> **Problem to work on**: Would you please transcribe, exactly as written, the lines of the entries below starting at the one that holds "Halloween Night, blue, favorites, fogg, halloween" and ending at the one that holds "CALICO CRITTERS ADVENTURE", both included?

Supplied entries section start

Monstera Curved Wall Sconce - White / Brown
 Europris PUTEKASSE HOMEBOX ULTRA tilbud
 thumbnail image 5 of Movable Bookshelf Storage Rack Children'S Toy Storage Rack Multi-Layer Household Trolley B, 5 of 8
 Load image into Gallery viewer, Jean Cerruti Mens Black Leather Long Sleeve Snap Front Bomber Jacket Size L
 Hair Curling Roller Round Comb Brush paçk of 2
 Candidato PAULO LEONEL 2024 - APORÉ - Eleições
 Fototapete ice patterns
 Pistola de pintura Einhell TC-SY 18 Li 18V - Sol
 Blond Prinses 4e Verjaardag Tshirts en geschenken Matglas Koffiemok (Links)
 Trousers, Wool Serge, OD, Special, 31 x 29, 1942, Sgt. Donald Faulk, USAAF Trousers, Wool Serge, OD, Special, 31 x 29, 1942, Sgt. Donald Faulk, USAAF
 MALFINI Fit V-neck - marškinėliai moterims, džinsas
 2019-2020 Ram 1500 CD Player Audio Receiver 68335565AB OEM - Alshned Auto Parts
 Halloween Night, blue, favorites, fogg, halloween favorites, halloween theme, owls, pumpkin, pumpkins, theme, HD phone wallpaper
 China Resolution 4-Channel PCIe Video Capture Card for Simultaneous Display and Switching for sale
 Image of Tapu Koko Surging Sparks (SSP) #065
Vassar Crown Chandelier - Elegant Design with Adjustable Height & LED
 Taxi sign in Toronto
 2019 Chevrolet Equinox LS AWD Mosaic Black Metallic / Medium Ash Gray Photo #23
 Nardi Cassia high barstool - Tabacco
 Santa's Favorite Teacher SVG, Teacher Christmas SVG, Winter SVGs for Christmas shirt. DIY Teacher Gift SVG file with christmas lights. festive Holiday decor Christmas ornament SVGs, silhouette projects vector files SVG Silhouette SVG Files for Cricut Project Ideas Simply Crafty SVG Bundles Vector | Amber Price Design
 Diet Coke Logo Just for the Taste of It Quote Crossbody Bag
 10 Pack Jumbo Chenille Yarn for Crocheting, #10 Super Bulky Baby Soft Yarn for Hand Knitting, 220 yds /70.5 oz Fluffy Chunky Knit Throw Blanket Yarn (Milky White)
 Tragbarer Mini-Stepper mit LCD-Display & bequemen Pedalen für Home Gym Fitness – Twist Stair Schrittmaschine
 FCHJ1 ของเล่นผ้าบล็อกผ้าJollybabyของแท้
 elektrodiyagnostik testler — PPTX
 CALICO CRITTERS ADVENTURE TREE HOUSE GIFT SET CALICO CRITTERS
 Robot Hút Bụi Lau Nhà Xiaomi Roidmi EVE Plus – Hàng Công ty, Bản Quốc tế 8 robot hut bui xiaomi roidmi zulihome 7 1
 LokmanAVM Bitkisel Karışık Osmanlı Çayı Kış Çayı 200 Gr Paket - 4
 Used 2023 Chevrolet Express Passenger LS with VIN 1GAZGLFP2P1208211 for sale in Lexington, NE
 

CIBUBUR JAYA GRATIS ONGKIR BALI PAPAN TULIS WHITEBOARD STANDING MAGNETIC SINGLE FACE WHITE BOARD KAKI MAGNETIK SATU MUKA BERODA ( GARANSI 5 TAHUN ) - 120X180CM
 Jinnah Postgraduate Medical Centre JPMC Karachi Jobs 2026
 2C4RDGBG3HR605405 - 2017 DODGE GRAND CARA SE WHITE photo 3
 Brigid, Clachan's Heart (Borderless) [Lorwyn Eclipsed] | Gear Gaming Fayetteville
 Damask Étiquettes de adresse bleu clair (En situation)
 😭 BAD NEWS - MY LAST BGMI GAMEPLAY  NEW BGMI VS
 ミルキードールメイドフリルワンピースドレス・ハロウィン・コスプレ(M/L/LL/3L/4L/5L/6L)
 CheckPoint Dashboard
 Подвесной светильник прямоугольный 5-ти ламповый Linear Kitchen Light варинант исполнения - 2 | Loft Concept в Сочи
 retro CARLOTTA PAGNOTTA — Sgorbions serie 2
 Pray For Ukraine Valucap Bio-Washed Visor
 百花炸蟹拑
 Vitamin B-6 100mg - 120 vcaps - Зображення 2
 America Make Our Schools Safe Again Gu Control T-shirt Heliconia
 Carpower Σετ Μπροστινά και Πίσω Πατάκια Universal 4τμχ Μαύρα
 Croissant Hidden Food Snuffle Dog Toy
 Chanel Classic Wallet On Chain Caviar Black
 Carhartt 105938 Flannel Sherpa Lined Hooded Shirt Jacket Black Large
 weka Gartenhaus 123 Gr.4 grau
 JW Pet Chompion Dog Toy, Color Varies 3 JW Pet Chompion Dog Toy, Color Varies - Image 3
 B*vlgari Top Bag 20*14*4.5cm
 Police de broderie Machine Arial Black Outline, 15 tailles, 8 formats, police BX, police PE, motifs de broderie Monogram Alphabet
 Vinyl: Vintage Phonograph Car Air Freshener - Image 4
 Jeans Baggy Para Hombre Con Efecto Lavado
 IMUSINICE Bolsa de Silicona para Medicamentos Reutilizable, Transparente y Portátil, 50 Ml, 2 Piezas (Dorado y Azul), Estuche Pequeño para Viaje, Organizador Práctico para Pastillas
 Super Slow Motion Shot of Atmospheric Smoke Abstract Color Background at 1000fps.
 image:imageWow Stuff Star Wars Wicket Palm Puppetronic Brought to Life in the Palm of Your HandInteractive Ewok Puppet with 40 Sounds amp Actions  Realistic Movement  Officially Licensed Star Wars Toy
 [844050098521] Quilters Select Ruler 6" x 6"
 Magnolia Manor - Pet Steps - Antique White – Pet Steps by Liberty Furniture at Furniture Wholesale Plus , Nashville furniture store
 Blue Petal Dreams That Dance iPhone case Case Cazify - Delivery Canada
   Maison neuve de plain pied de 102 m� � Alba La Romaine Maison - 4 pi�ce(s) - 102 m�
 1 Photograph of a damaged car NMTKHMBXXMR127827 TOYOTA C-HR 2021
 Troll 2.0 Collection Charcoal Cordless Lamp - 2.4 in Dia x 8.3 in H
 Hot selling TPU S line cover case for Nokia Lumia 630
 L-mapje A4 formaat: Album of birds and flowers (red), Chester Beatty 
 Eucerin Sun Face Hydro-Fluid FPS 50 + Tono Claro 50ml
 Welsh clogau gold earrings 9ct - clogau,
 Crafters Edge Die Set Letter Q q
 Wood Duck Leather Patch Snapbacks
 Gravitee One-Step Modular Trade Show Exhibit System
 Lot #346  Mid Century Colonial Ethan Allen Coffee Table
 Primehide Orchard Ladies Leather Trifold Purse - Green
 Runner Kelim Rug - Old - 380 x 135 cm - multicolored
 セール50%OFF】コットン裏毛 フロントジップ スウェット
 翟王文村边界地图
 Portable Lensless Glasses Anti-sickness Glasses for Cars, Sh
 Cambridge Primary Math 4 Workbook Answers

Supplied entries section end

> **Answer box**:
 Halloween Night, blue, favorites, fogg, halloween favorites, halloween theme, owls, pumpkin, pumpkins, theme, HD phone wallpaper
 China Resolution 4-Channel PCIe Video Capture Card for Simultaneous Display and Switching for sale
 Image of Tapu Koko Surging Sparks (SSP) #065
Vassar Crown Chandelier - Elegant Design with Adjustable Height & LED
 Taxi sign in Toronto
 2019 Chevrolet Equinox LS AWD Mosaic Black Metallic / Medium Ash Gray Photo #23
 Nardi Cassia high barstool - Tabacco
 Santa's Favorite Teacher SVG, Teacher Christmas SVG, Winter SVGs for Christmas shirt. DIY Teacher Gift SVG file with christmas lights. festive Holiday decor Christmas ornament SVGs, silhouette projects vector files SVG Silhouette SVG Files for Cricut Project Ideas Simply Crafty SVG Bundles Vector | Amber Price Design
 Diet Coke Logo Just for the Taste of It Quote Crossbody Bag
 10 Pack Jumbo Chenille Yarn for Crocheting, #10 Super Bulky Baby Soft Yarn for Hand Knitting, 220 yds /70.5 oz Fluffy Chunky Knit Throw Blanket Yarn (Milky White)
 Tragbarer Mini-Stepper mit LCD-Display & bequemen Pedalen für Home Gym Fitness – Twist Stair Schrittmaschine
 FCHJ1 ของเล่นผ้าบล็อกผ้าJollybabyของแท้
 elektrodiyagnostik testler — PPTX
 CALICO CRITTERS ADVENTURE TREE HOUSE GIFT SET CALICO CRITTERS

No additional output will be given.